A. La tanda (tontine)

Mécanisme qui permet aux uns d’emprunter et aux autres (les derniers numéros de la tontine) d’épargner, la tontine est un phénomène très répandu en milieu urbain mexicain [Velez-Ibañez,1993 ; Campos, 1998]. En revanche, dans le contexte rural que nous étudions, les revenus de l’agriculture annuels et non pas hebdomadaire ou mensuels rendent improbables l’organisation et la participation à une tontine. De fait, nous n’avons rencontré qu’une seule tanda dont nous décrivons le fonctionnement ci-dessous (encadré 6).

Encadré 6. La tanda de Santa Catarina Loxicha
Cette tanda a été initiée deux années avant notre passage par César, un jeune boulanger qui revenait de la capitale, pour s’établir dans son village, après y avoir suivi une formation de boulanger. Lors de son séjour il avait entendu parler de cette pratique ce qui l’a incité à démarcher des personnes de son entourage susceptibles d’êtres intéressées et leur a expliqué le fonctionnement de la tanda. Onze personnes se sont réunies. Au départ, ils se sont mis d’accord pour commencer avec seulement 300 pesos (30 US$), c’était à lui que revenait le premier rang (personne qui récupère l’intégralité de la somme en premier). Ensuite les numéros étaient attribués en fonction de critères de confiance et de critères de besoins de liquidité. Ainsi ceux qui préfèrent attendre pour toucher la somme désireront se situer parmi les derniers numéros de la tanda. Dans la mesure où ses possibilités financières le lui permettent et parce que ses nécessités financières étaient souvent supérieures à celles des autres, César s’attribue habituellement deux numéros ce qui implique une cotisation plus importante mais qui lui permet de toucher deux fois la somme réunie de façon hebdomadaire par le groupe. Avant de commencer une nouvelle tanda, Cézar consulte les membres sur le montant de la cotisation, lors de mon passage il souhaitait proposer une augmentation. S’il n’obtient pas satisfaction, il s’octroie un numéro supplémentaire au nom de sa femme par exemple.
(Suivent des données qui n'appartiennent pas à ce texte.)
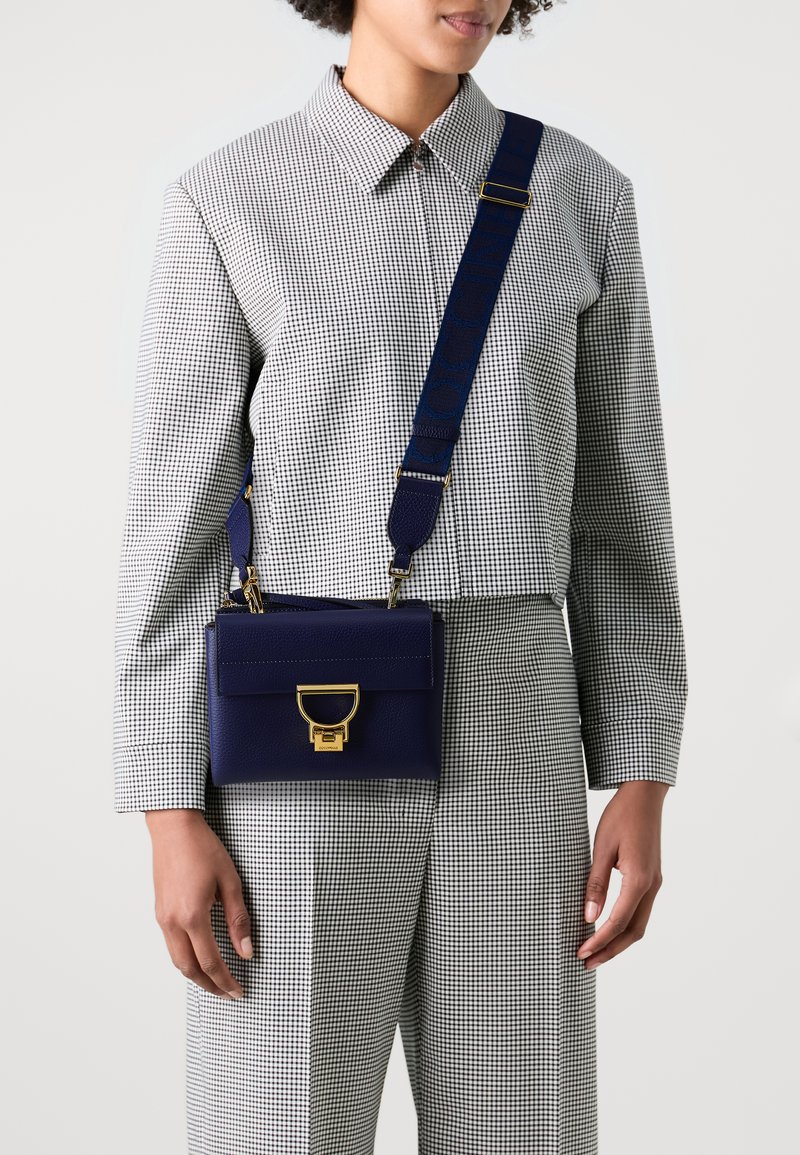 Coccinelle ARLETTIS SIGNATURE - Torbica - royal blue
Il arrive que les gens souhaitent changer de numéro, il le concède une fois que la personne a prouvé qu’elle pouvait être digne de confiance.
En effet, le mécanisme de sélection des personnes est très simple : César attribue aux nouveaux entrants le dernier numéro afin d’être sûr qu’au moment où cette personne récolte la somme des autres, elle a réalisé l’ensemble des cotisations.